Would I be better finding the pipe that feeds these heads half way down the driveway? What benefit from starting near the garage ? The section that needs more water is in the lower portion closer to the street. I have 4 heads from the garage to the street. So counting from the garage down, if I started at say head 2 or 3 and dug towards the property line I would probably catch the feed line. Then from here I would just run some more feed line to some smaller funny pipe for head placement?

Appreciate all of your assitance.


----------



## jht3 (Jul 27, 2018)

as others said, that black/blue hose is flexible "funny pipe" or swing pipe. usually you have 12" or so of that from the head to the PVC lateral pipe, where you'll find another threaded/barb fitting.

if you are serious about adding heads, and have the GPM headroom, if were you i would do a bit more excavation until i found the PVC. i'd do this at each head to get an idea how the PVC is run. then cut in new T fittings and trench to add 3 more heads for a triangle layout.

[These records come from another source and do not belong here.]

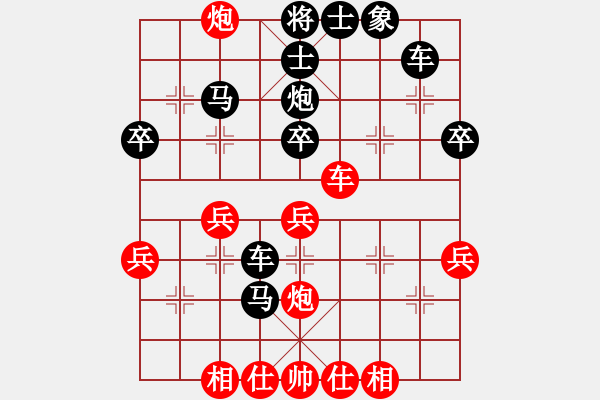 象棋棋譜圖片：范皓程先負(fù)梁瑋軒 - 步數(shù)：40 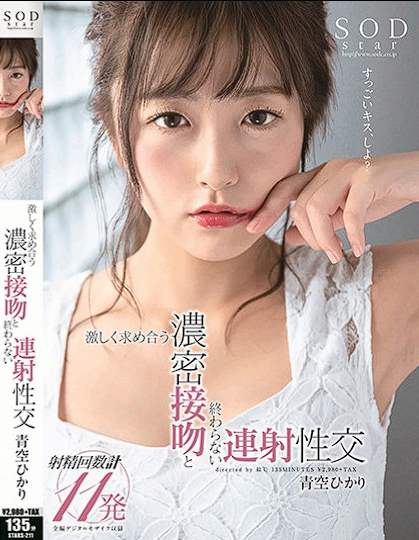 STARS-211 Aozora Hikari สุดเงี่ยนขย่มเย็ดเล่นเสียวควยหนุ่มมันเอากัน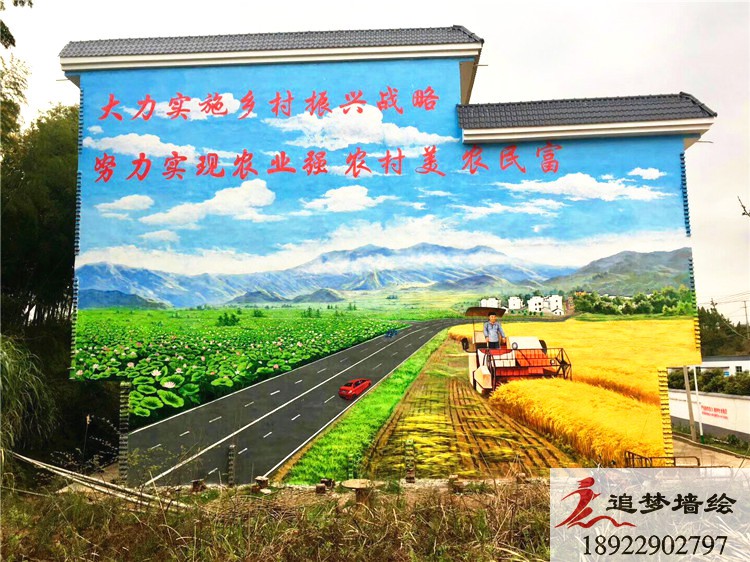清远佛岗文化墙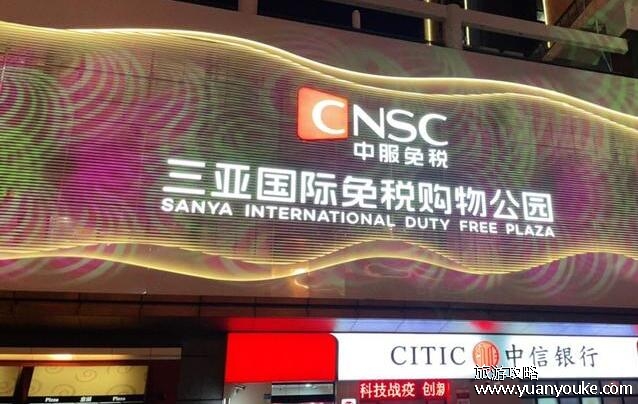 三亚免税店营业时间，4家免税店营业时间(每家免税店优点)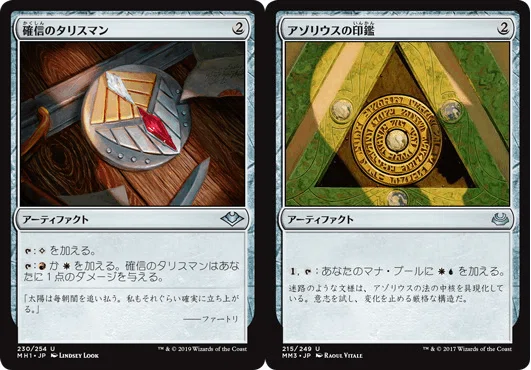 MTG初心者》無駄の無い買い物、アーティファクト編《へ向けて》｜サトPin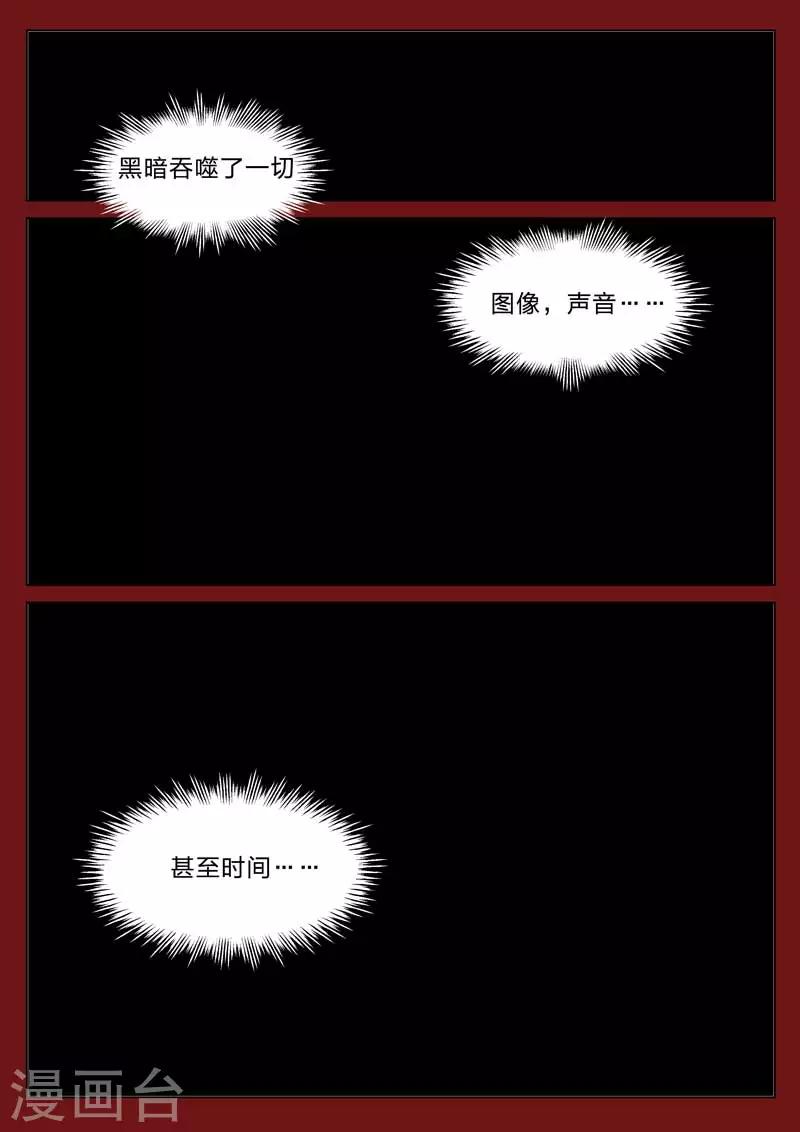 第160话 修罗场1817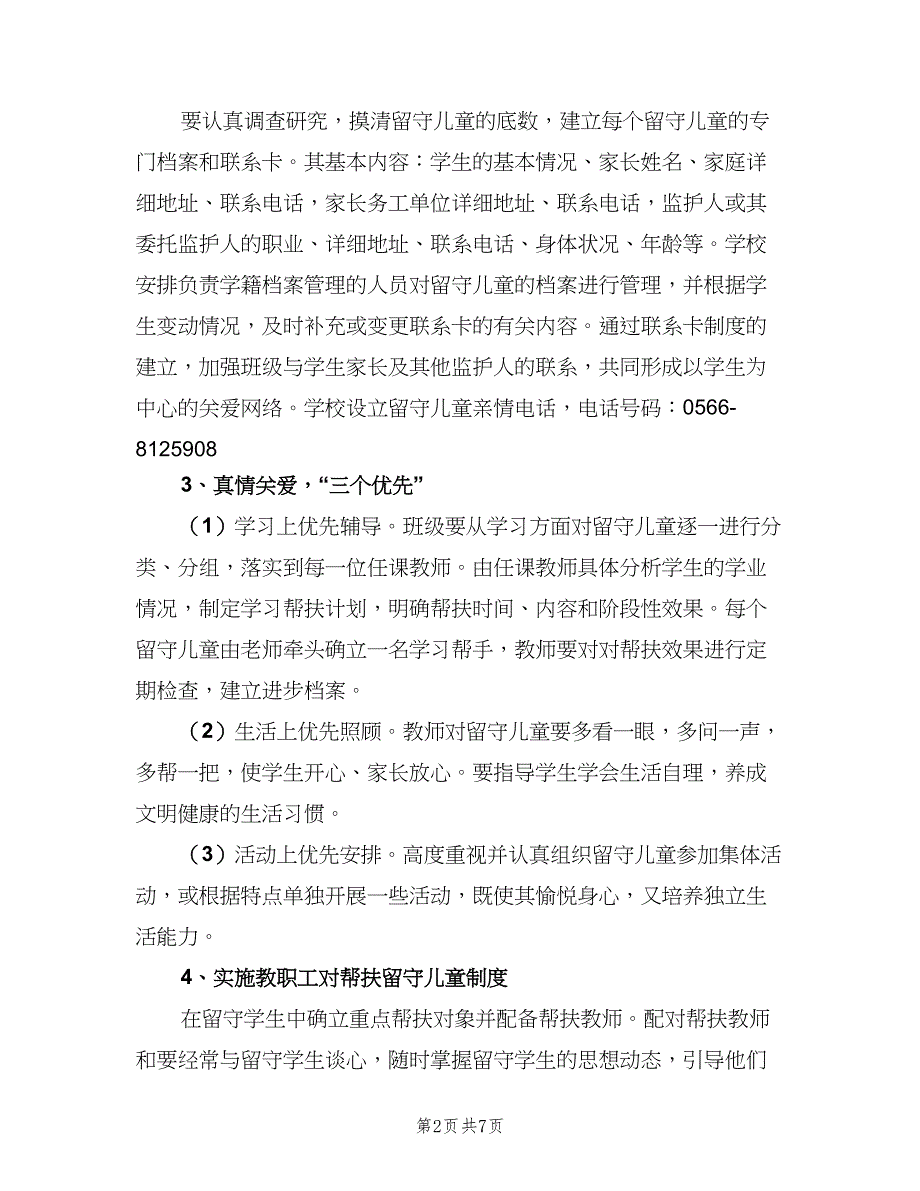 教师关爱留守儿童工作计划范本（二篇）.doc_第2页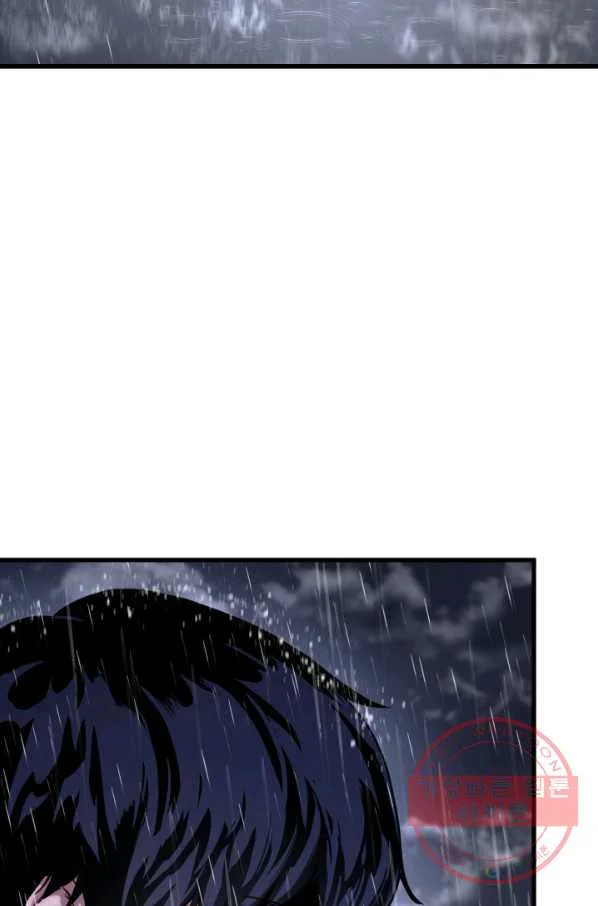 Ranker’s Return Episode 1 - Page 105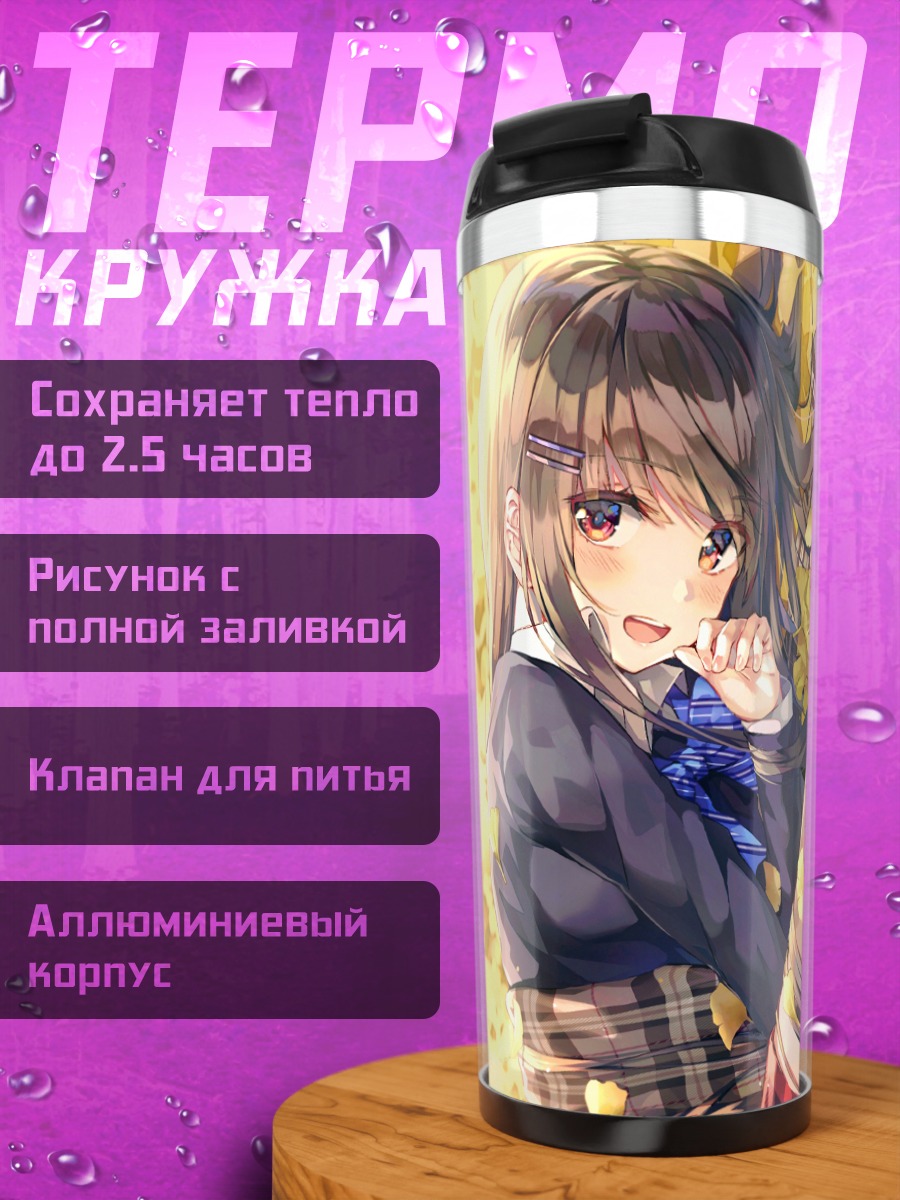Термокружка Осенняя школьница в листьях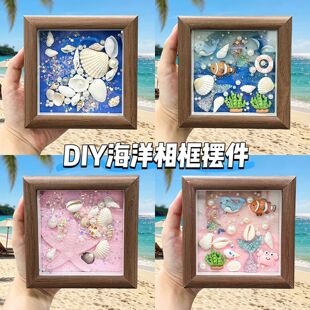 ����ɳ��ؐ���ֹ�diy���������ʯӢɰ���ϰ��b�������ߔ[��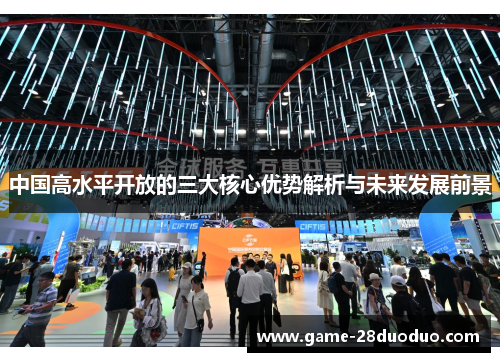 中国高水平开放的三大核心优势解析与未来发展前景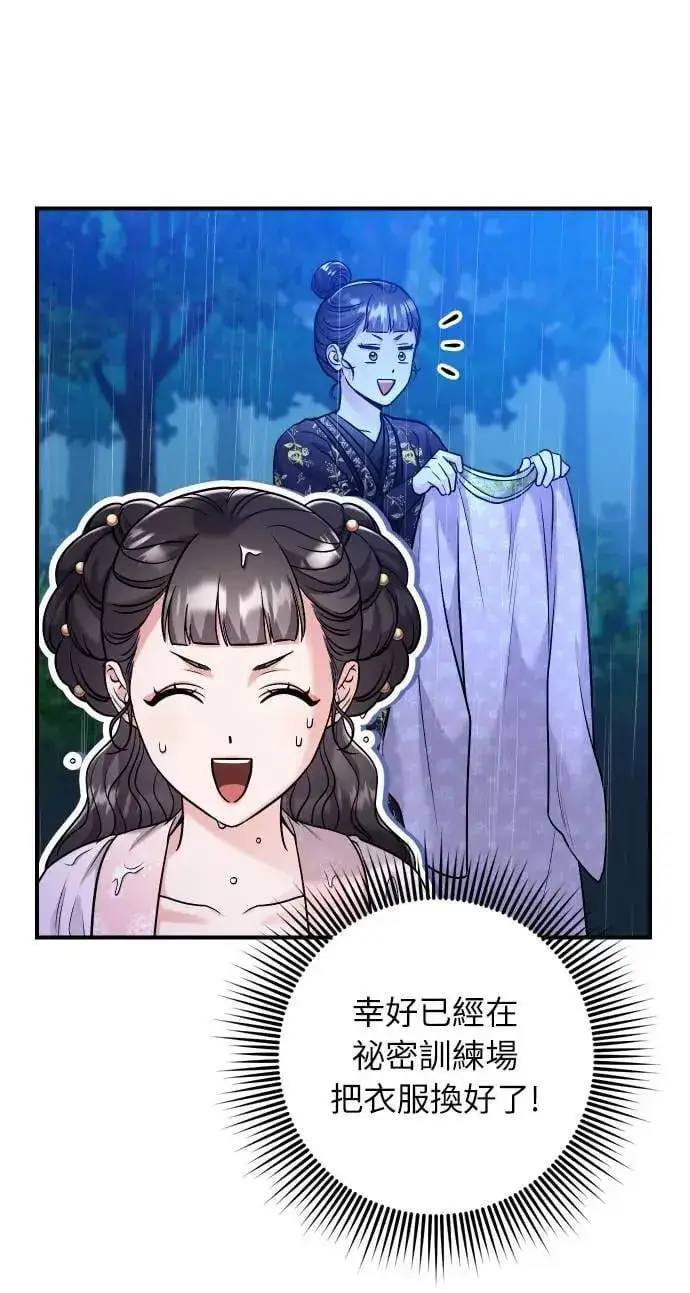 《武林高手转生后宫小主》第34话 不会因为你可爱就放过你图53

15' is a bit short for a rotor, even turned down. unless you don't mind overspraying into the neighboring yard. what is the head to head distance? also 15'? or something less or more?

the easiest thing would be replace your existing (toro?) heads for rotators, like the rainbird rvan or hunter mp series. i'm using rvans, so you could put in 1804 heads with red/17-24' nozzles and adjust the throw. depending on your actual measurements you may be able to use the yellow nozzles. won't be ideal without a square or triangle setup but should be better than what you have now. if this isn't an improvement, you can always cut in additional heads in fall or spring.


----------